So the previous example becomes the following:
#!/usr/bin/perl -w
# Example of subroutine using arrays passed by #reference (typeglobbing)
&egsub7(@a1,@a2); # Call the subroutine once
print "Modified array a1",@a1," Modified array a2 ",@a2, ".\n";
sub egsub7 {
local(*a1,*a2) = @_;
print "This subroutine modifies a1 and a2.\n";
@a1 = (a, b, c);
@a2 = (d, e, f);
}
In Perl 4, this is the only way to use references to variables,
rather than variables themselves. In Perl 5, there is also a generalized
method for dealing with references. Although this method looks
more awkward in its syntax because of the abundance of underscores,
it is actually more precise in its meaning. Typeglobbing automatically
aliases the scalar, the array, and the hashed array form of an
identifier, even if only the array name is required. With Perl
5 references, this distinction can be made explicit; only the
array form of the identifier is referenced.
#!/usr/bin/perl -w
# Example of subroutine using arrays passed
# by reference (Perl 5 references)
&egsub7(\@a1,\@a2); # Call the subroutine once
print "Modified array a1",@a1," Modified array a2 ",@a2, ".\n";
sub egsub7 {
local($a1ref,$a2ref) = @_;
print "This subroutine modifies a1 and a2.\n";
@$a1ref = (a, b, c);
@$a2ref = (d, e, f);
}
Subroutine Recursion
One the most powerful features of subroutines is their ability
to call themselves. There are many problems that can be solved
by repeated application of the same procedure. However, care must
be taken to set up a termination condition where the recursion
stops and the execution can unravel itself. Typical examples of
this approach are found when processing lists: Process the head
item and then process the tail; if the tail is empty do not recurse.
Another neat example is the calculation of a factorial value:
#!/usr/bin/perl -w
#
# Example factorial using recursion
for ($x=1; $x<100; $x++) {
print "Factorial $x is ",&factorial($x), "\n";
}
sub factorial {
local($x) = @_;
if ($x == 1) {
return 1;
}
else {
return ($x*($x-1) + &factorial($x-1));
}
}
Issues of Scope with my() and local()
Issues of scope are very important with relation to subroutines.
In particular all variables inside subroutines should be made
lexical local variables (using my())
or dynamic local variables (using local()).
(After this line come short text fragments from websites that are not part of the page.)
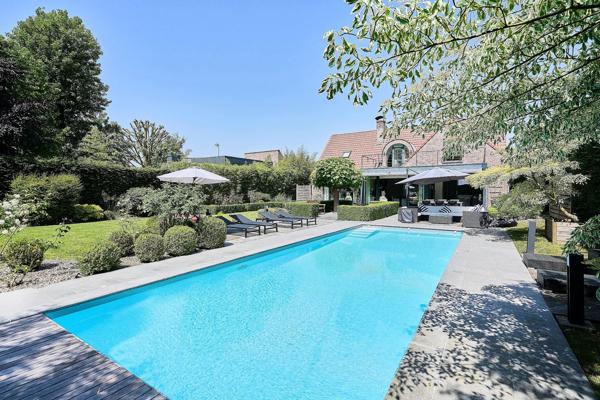 Vente Maison de luxe Croix 7 Pièces 260.05 m²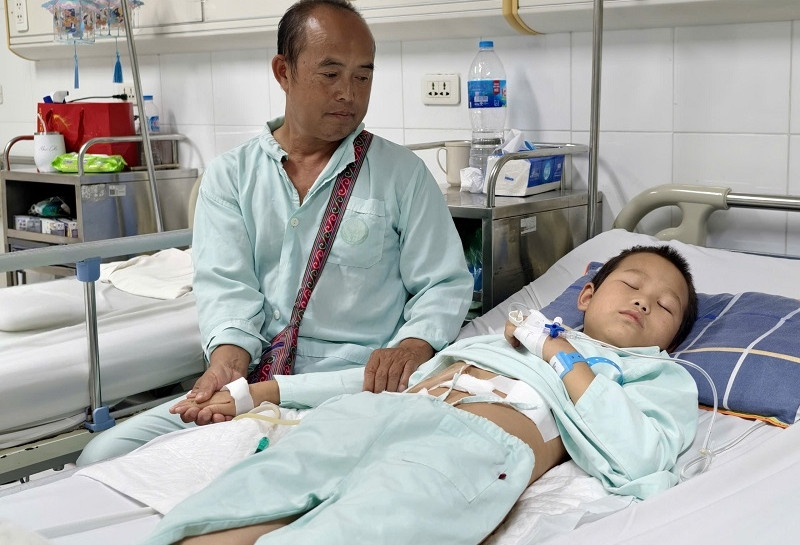 Cậu bé người Mông mắc bệnh 'đặc biệt', ông ngoại bán trâu, ăn bánh mì chăm cháu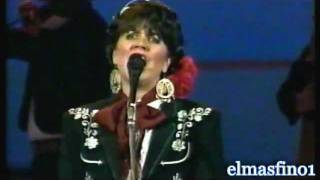 LINDA RONSTADT Y MARIACHI VARGASLa Cigarra [upl. by Ateuqahs]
In Perl 4, the only choice is local()
because my() was only introduced
in Perl 5.
Variables declared using the my()
construct are considered to be lexical local variables. They are
not entered in the symbol table for the current package. Therefore,
they are totally hidden from all contexts other than the local
block within which they are declared. Even subroutines called
from the current block cannot access lexical local variables in
that block. Lexical local variables must begin with an alphanumeric
character or an underscore.
Variables declared using the local()
construct are considered to be dynamic local variables. The value
is local to the current block and any calls from that block. It
is possible to localize special variables as dynamic local variables,
but these cannot be made into lexical local variables. The following
two differences from lexical local variables show the two cases
in Perl 5 where it is still advisable to use local()
rather than my():
Use local() if you want
the value of the local variables to be visible to subroutines
Use local() if you are
localizing special variables
Pattern Matching
We'll finish this overview of Perl with a look at Perl's pattern
matching capabilities. The ability to match and replace patterns
is vital to any scripting language that claims to be capable of
useful text manipulation. By this stage, you probably won't be
surprised to read that Perl matches patterns better than any other
general purpose language. Perl 4's patterns matching was excellent,
but Perl 5 has introduced some significant improvements, including
the ability to match even more arbitrary strings than before.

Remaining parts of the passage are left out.